When we look at the long history of translation, we can see that there are two major categories that involve the question of re-translation: The first relates to what I have outlined above, where essentially good, serviceable translations are replaced by newer versions. This is the case of writers like Homer and Cervantes but also of sacred texts like the Bible and the Qur’an, the translations of which are as much a matter of politics and marketing as they are religion.
The second category, and the one that is easier to deal with, or decide about, is the one where an earlier translation has left out (sometimes intentionally, sometimes not) information present in the original text. This was the case with A Brazilian Tenement (1926, translated by Harry W. Brown), the first English version of the 1890 Brazilian novel O Cortiço, in which the sexual references so crucial to the original’s main thematic line were bowdlerized out, either by the translator, the editor, or the publisher.
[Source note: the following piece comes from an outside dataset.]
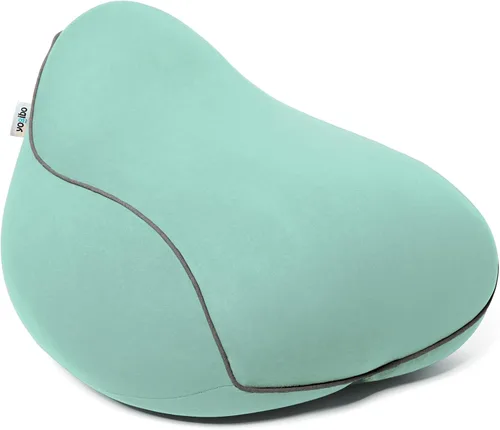 Miniatura 13 de Yogibo Sillón Puff Pequeño para Adultos, Niños y Adolescentes, Suave, de Felpa, Cómodo, Sensorial, Puff para Juegos, Funda Lavable, Azul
Only in David H. Rosenthal’s 2000 re-translation (re-titled as The Slum) were they put back in. But it is also the case of the Colombian classic María (1867), in which all references to Jews and Judaism were carefully excised from the original English version of the novel, which appeared in 1890 (translated by Rollo Ogden). My son, Ezra Fitz, is currently doing a new translation of this seminal and deeply influential text that restores it to its original form. In the case of the Robert Scott-Buccleuch translation of Machado de Assis’ Dom Casmurro, whole chapters are eliminated while others are cut up and spliced together. Not rare, these are cases where, effectively speaking, there are clear-cut errors that can, and should, be corrected in re-translation. On the other hand, there is the position held by Borges and a few others that a translator is always free to “fix up” or “improve” an existing text. As Ezra Fitz shows, we can see this attitude in action in Borges’ masterful if inventive Spanish translation of Faulkner’s The Wild Palms.

But these cases are clearly different from the issues involved in our first category, in which the argument for undertaking a new translation of the Iliad, the Odyssey, the Quixote, or the Qur’an is more a matter of reading and writing strategies than is the one for undertaking a new O Cortiço or a new María.

Riven with all manner of complications and tensions, the question of re-translation ranks among the most fraught of our literary questions. It is time-, culture-, and language-bound in ways that do not affect the original text, which, in contrast to existing translations, lives on forever just as it is. The original does not need to change; translations of it do. The reality of re-translation is therefore inescapable, and so it behooves us to understand it better and to treat it with the care it deserves.